Problem: Your copy must start with the line containing "Total recall - recall, nes)" and end with the last line of the entries, matching them exactly and leaving out every picture.

======

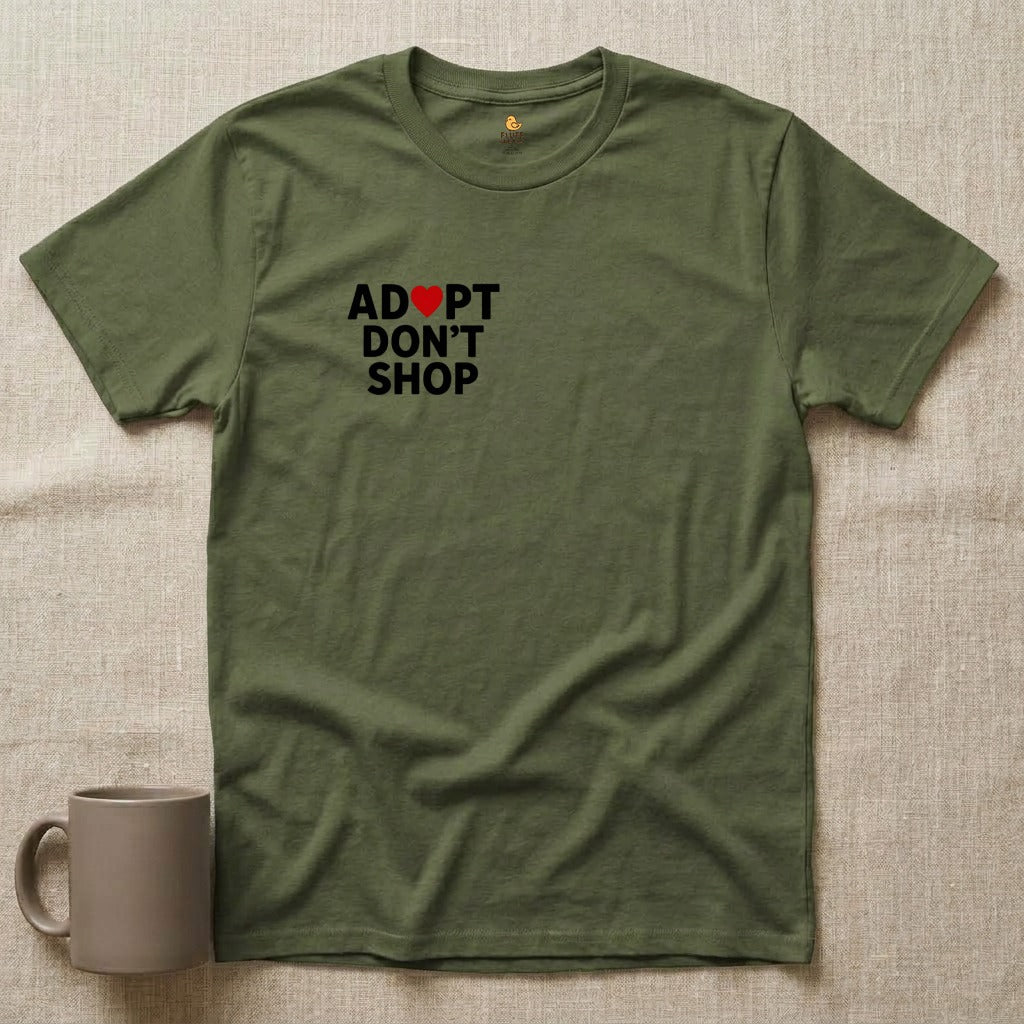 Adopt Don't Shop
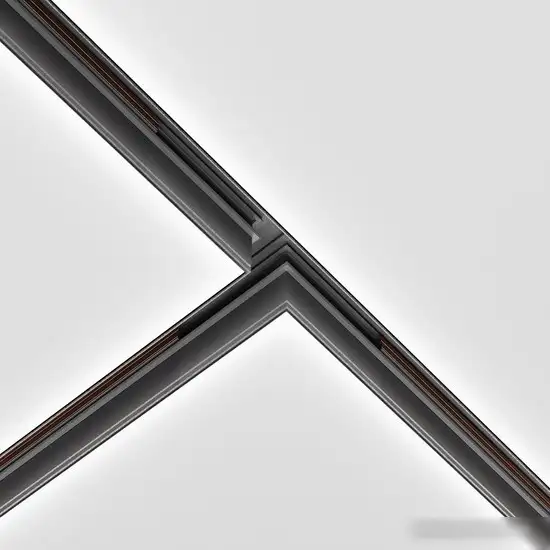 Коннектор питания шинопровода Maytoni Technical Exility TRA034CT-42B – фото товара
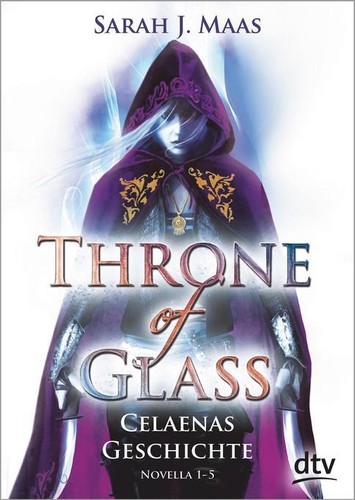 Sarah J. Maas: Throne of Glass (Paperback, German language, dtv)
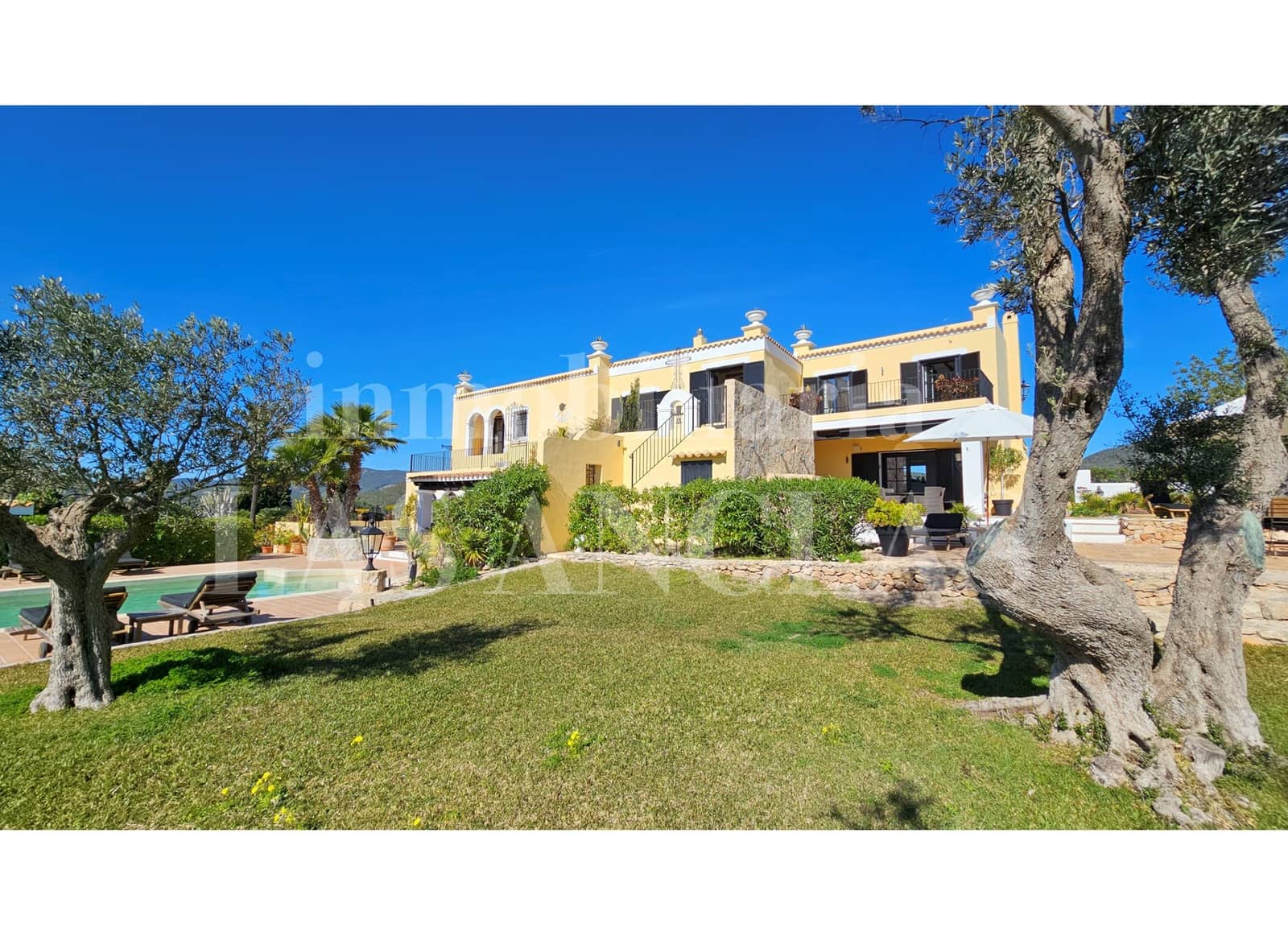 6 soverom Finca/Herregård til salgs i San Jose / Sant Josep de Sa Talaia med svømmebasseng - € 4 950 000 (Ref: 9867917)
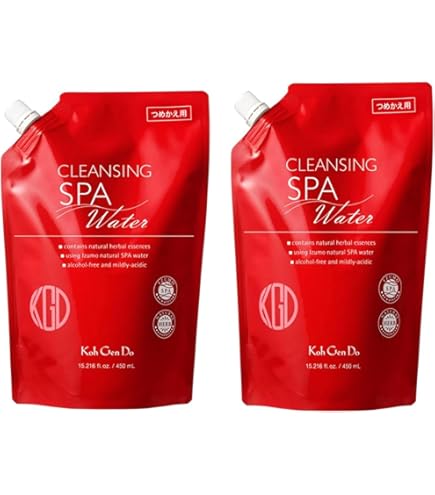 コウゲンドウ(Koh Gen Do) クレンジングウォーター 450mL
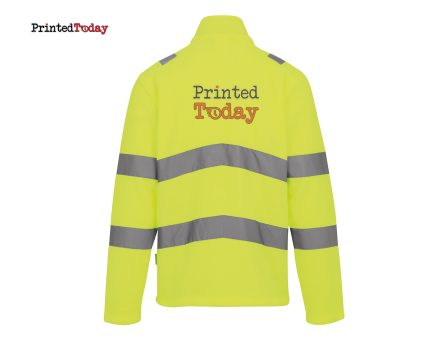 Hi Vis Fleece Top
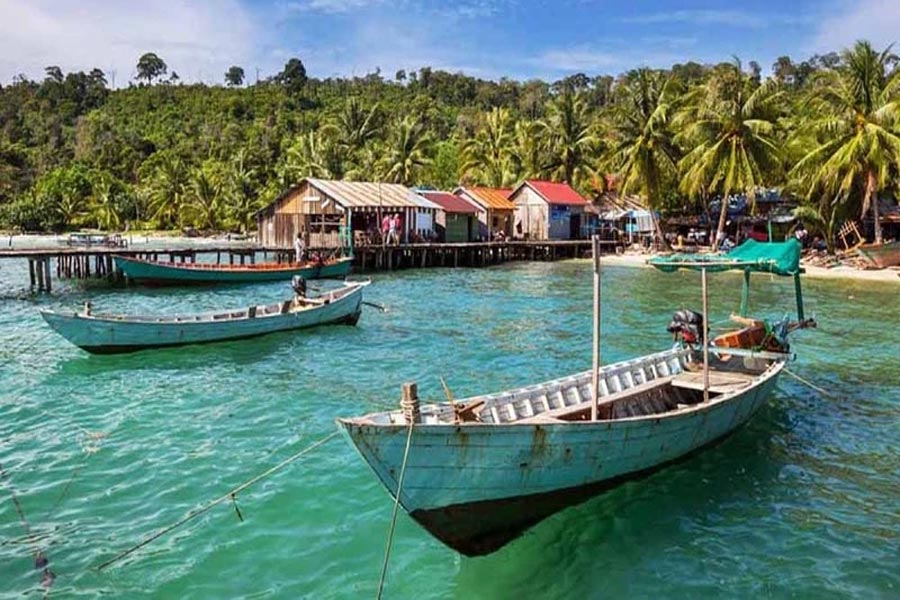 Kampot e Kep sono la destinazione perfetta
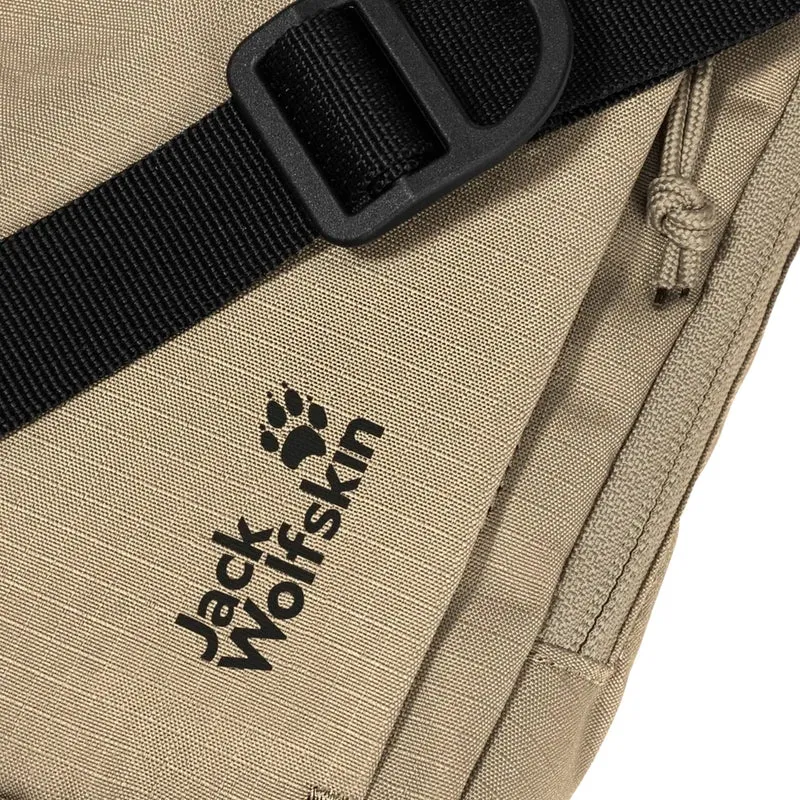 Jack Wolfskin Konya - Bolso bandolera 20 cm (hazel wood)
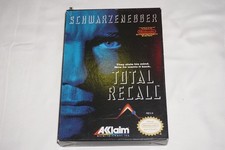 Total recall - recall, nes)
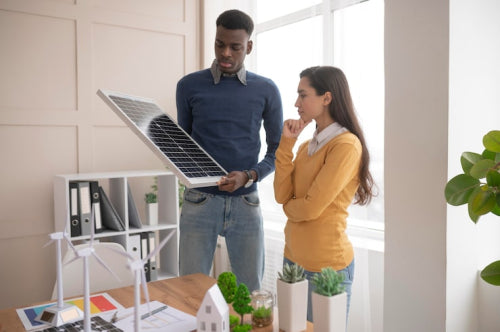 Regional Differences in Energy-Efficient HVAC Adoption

======

Solution to the exercise:
 Total recall - recall, nes)
 Regional Differences in Energy-Efficient HVAC Adoption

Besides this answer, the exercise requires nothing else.